━━ Exercise data ━━

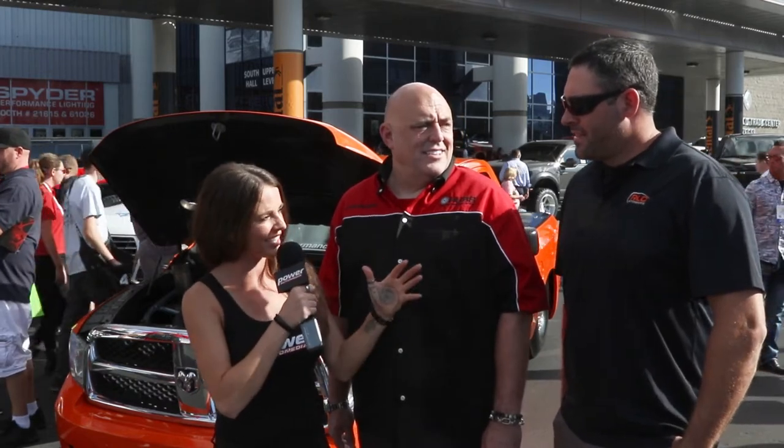Hey there, I'm Leanne and I am here with Christopher Hubbard of Hub Filters as well as drag racer Michael Dalton. Now Michael, I know that you guys are not using Hub Filters just yet — the competition is. How are you guys gonna tie in with Hub Filters?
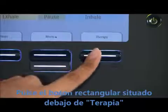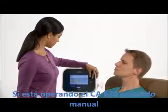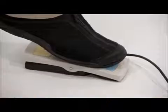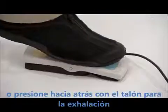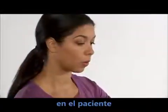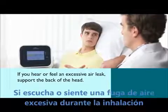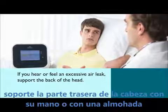Press the rectangular right button below Therapy to begin treatment. If you are operating CoughAssist T70 in manual mode, slide the control lever to the right to trigger an inhalation, or press forward on the optional foot pedal. When the inhalation is complete, slide the manual switch to the left or press back on your heel for an exhalation. Position the mask, mouthpiece, or trach adapter on the patient. When using a mask, make sure it is well fitted to eliminate possible leaks. If you hear or feel an excessive air leak during the inhalation period, support the back of the head with your hand or a pillow to improve the seal.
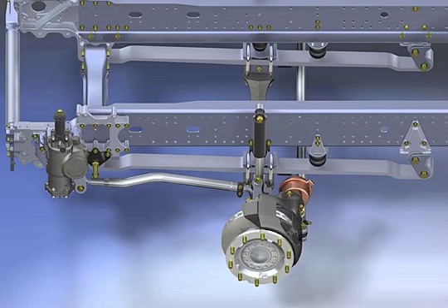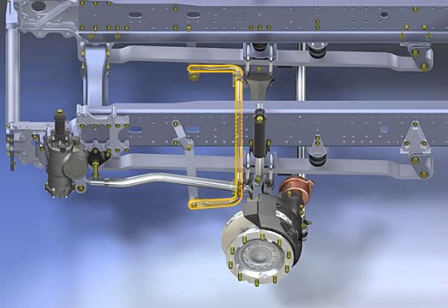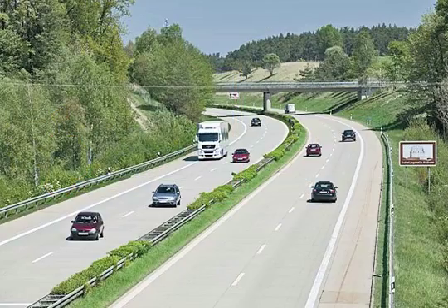And in all TGX and TGS semi-trailer tractors with a front axle load of up to 7.5 tons. The lower weight of the single-leaf springs improves the payload performance. In the long-distance semi-trailer tractor, the single-leaf spring is combined with a specially matched stabiliser and a steering gear with a more direct transmission ratio. Beside the weight savings, the front axle suspension provides for superb driving performance on highways.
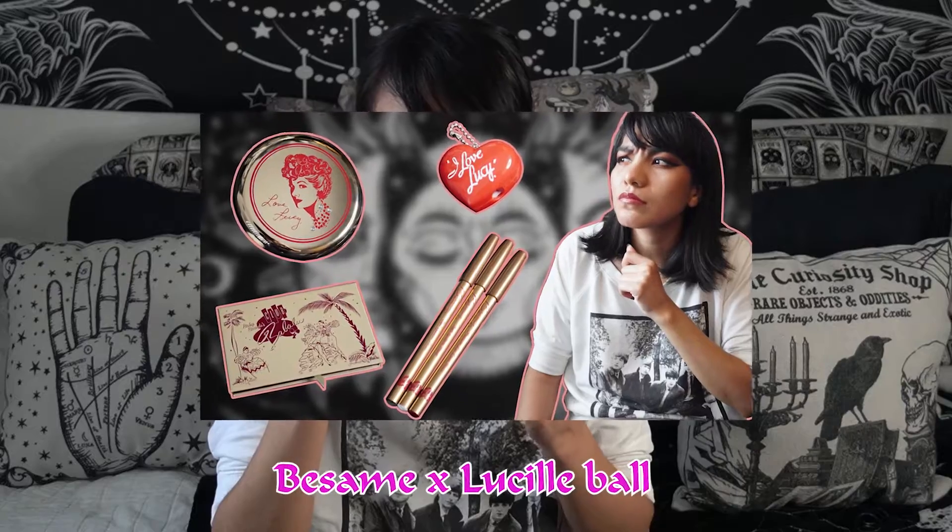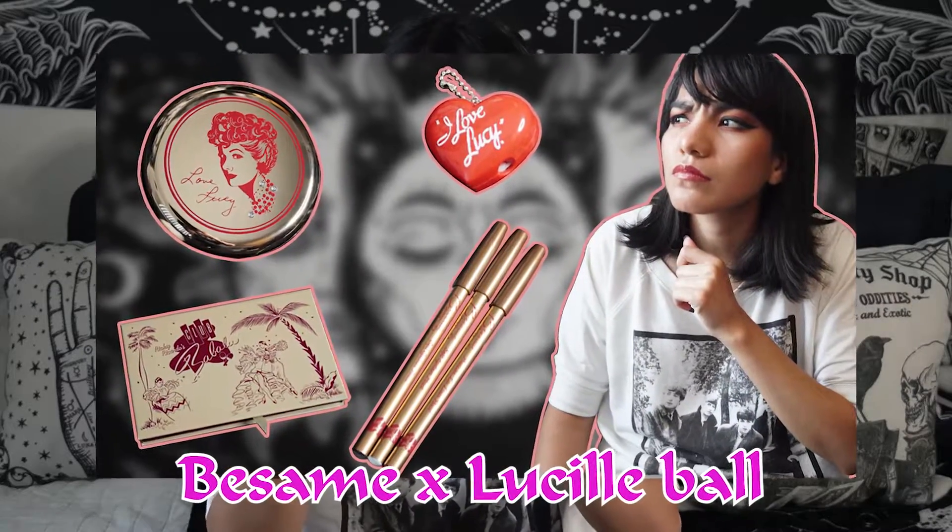Hey, what's up, you guys, welcome back to my channel. Today I'm going to be talking about the Besame Cosmetics cake mascara. If you're coming from my Lucille Ball x Besame Cosmetics review, hello! If you're here on your own and haven't seen that video, check it out — I'll put a link in the description and a card at the top of the screen. This is going to be a review on how the cake mascara performs and if it lives up to all the hype.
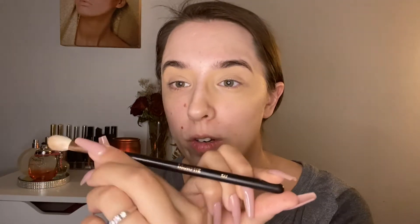The first color we are going to start with is this shade right here — it's kind of like an orangey peachy color. I'm going to use the Morphe R39 brush, and all we are going to do is apply this in the crease, the natural crease. You can apply as much as you'd like but I tend to apply just a little bit.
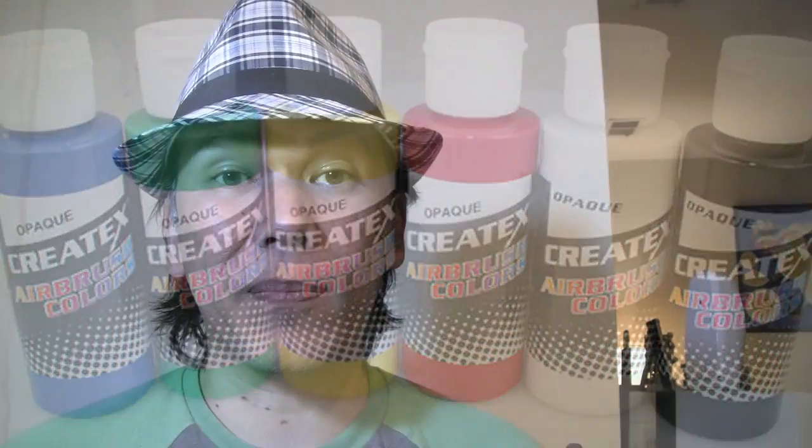Airbrush paints — you can buy these individually from your local craft stores, you can Google them online. They're all over the place, and they're probably one of the leaders in airbrush paints, and they are suitable for nail art.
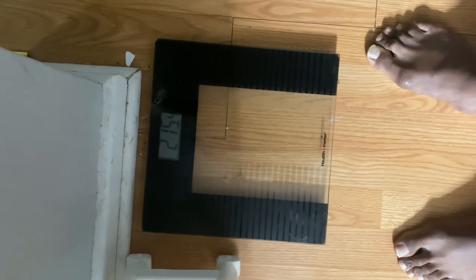The first thing we do when we wake up is head to the bathroom and check our weight. Let's see what it is — 215.4 this morning.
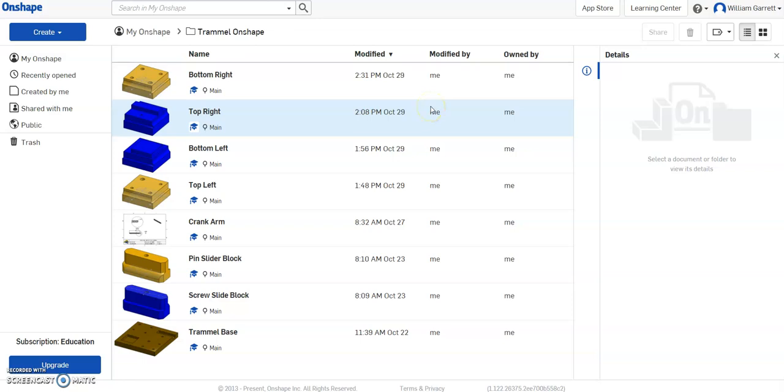Hello, and in this video we're going to get all the pieces we need into a folder for our trammel, so we can create that trammel toy in our next video.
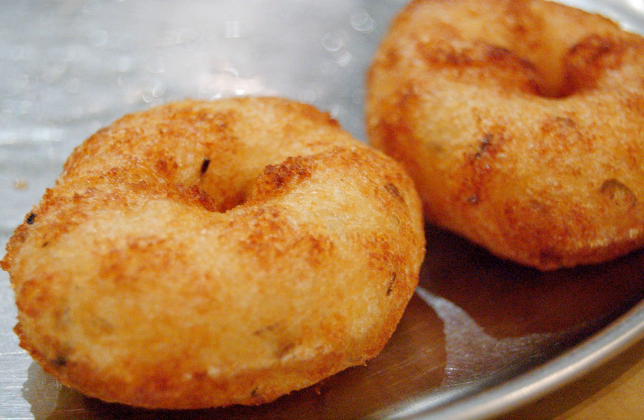Medhu vada is a South Indian fritter made from vigna mungo, black lentil or urad dal. It is usually made in a doughnut shape, with a crispy exterior and soft interior. A popular food item in South Indian and Sri Lankan Tamil cuisines, it is generally eaten as a breakfast or a snack.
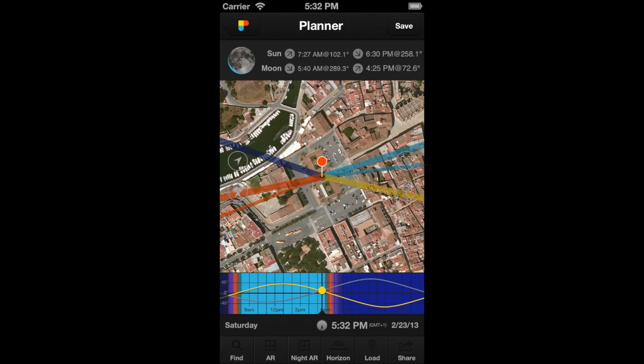Hi PhotoPillar! In this video, you'll learn how to move the Observer's Pin. The Observer's Pin is the red pin you see on the map. It represents the position from where you wish to take the photo.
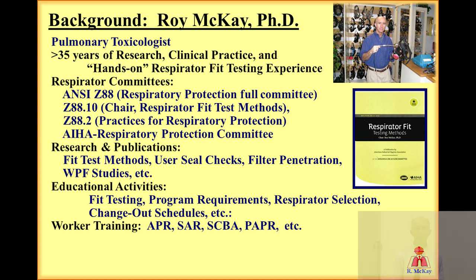A little bit of background. I was originally trained as a pulmonary toxicologist, but I currently have more than 35 years experience in respiratory protection, including research, clinical practice, and hands-on respirator fit testing. Some of my respirator committee work includes the American Industrial Hygiene Association's Respiratory Protection Committee, and the American National Standards Institute Z88 Committee on Respiratory Protection Programs, as well as past chair of Z88.10 on respirator fit test methods.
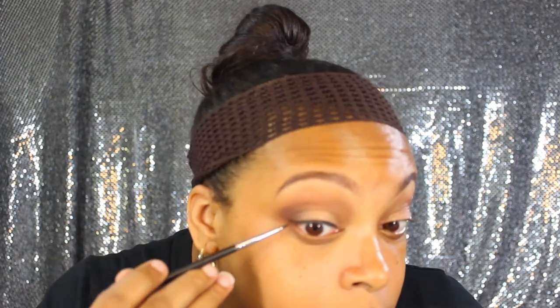Now I'm putting down some gel eyeliner — this is by L'Oreal and I absolutely love their gel eyeliner in black. I'm just going to wing it out a little bit to get that cat eye effect. I actually was able to do it on camera! Next I'm going in with mascara — this is the Rimmel Lash Accelerator — to prime my lashes and lay down a base for the false lashes I'm putting on in just a second.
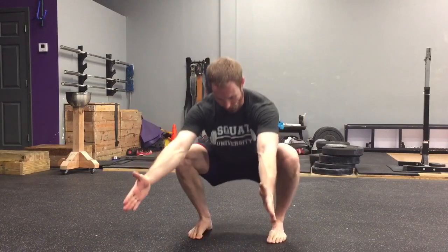Then always recheck your squat pattern to see if you made any improvement that carries over to the squat, which is the change we desire. Get into a good bodyweight squat and see if you can get your feet a little bit more straightforward. Hope you guys liked today's mobility video. Happy squatting.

━━━

→ **Exercise directions**
Since the copy must contain no pictures, return only the text of the records, exactly as it stands.

→ **Result**
Hey there, I'm Leanne and I am here with Christopher Hubbard of Hub Filters as well as drag racer Michael Dalton. Now Michael, I know that you guys are not using Hub Filters just yet — the competition is. How are you guys gonna tie in with Hub Filters?
Press the rectangular right button below Therapy to begin treatment. If you are operating CoughAssist T70 in manual mode, slide the control lever to the right to trigger an inhalation, or press forward on the optional foot pedal. When the inhalation is complete, slide the manual switch to the left or press back on your heel for an exhalation. Position the mask, mouthpiece, or trach adapter on the patient. When using a mask, make sure it is well fitted to eliminate possible leaks. If you hear or feel an excessive air leak during the inhalation period, support the back of the head with your hand or a pillow to improve the seal.
And in all TGX and TGS semi-trailer tractors with a front axle load of up to 7.5 tons. The lower weight of the single-leaf springs improves the payload performance. In the long-distance semi-trailer tractor, the single-leaf spring is combined with a specially matched stabiliser and a steering gear with a more direct transmission ratio. Beside the weight savings, the front axle suspension provides for superb driving performance on highways.
Hey, what's up, you guys, welcome back to my channel. Today I'm going to be talking about the Besame Cosmetics cake mascara. If you're coming from my Lucille Ball x Besame Cosmetics review, hello! If you're here on your own and haven't seen that video, check it out — I'll put a link in the description and a card at the top of the screen. This is going to be a review on how the cake mascara performs and if it lives up to all the hype.
The first color we are going to start with is this shade right here — it's kind of like an orangey peachy color. I'm going to use the Morphe R39 brush, and all we are going to do is apply this in the crease, the natural crease. You can apply as much as you'd like but I tend to apply just a little bit.
Airbrush paints — you can buy these individually from your local craft stores, you can Google them online. They're all over the place, and they're probably one of the leaders in airbrush paints, and they are suitable for nail art.
The first thing we do when we wake up is head to the bathroom and check our weight. Let's see what it is — 215.4 this morning.
Hello, and in this video we're going to get all the pieces we need into a folder for our trammel, so we can create that trammel toy in our next video.
Medhu vada is a South Indian fritter made from vigna mungo, black lentil or urad dal. It is usually made in a doughnut shape, with a crispy exterior and soft interior. A popular food item in South Indian and Sri Lankan Tamil cuisines, it is generally eaten as a breakfast or a snack.
Hi PhotoPillar! In this video, you'll learn how to move the Observer's Pin. The Observer's Pin is the red pin you see on the map. It represents the position from where you wish to take the photo.
A little bit of background. I was originally trained as a pulmonary toxicologist, but I currently have more than 35 years experience in respiratory protection, including research, clinical practice, and hands-on respirator fit testing. Some of my respirator committee work includes the American Industrial Hygiene Association's Respiratory Protection Committee, and the American National Standards Institute Z88 Committee on Respiratory Protection Programs, as well as past chair of Z88.10 on respirator fit test methods.
Now I'm putting down some gel eyeliner — this is by L'Oreal and I absolutely love their gel eyeliner in black. I'm just going to wing it out a little bit to get that cat eye effect. I actually was able to do it on camera! Next I'm going in with mascara — this is the Rimmel Lash Accelerator — to prime my lashes and lay down a base for the false lashes I'm putting on in just a second.
Then always recheck your squat pattern to see if you made any improvement that carries over to the squat, which is the change we desire. Get into a good bodyweight squat and see if you can get your feet a little bit more straightforward. Hope you guys liked today's mobility video. Happy squatting.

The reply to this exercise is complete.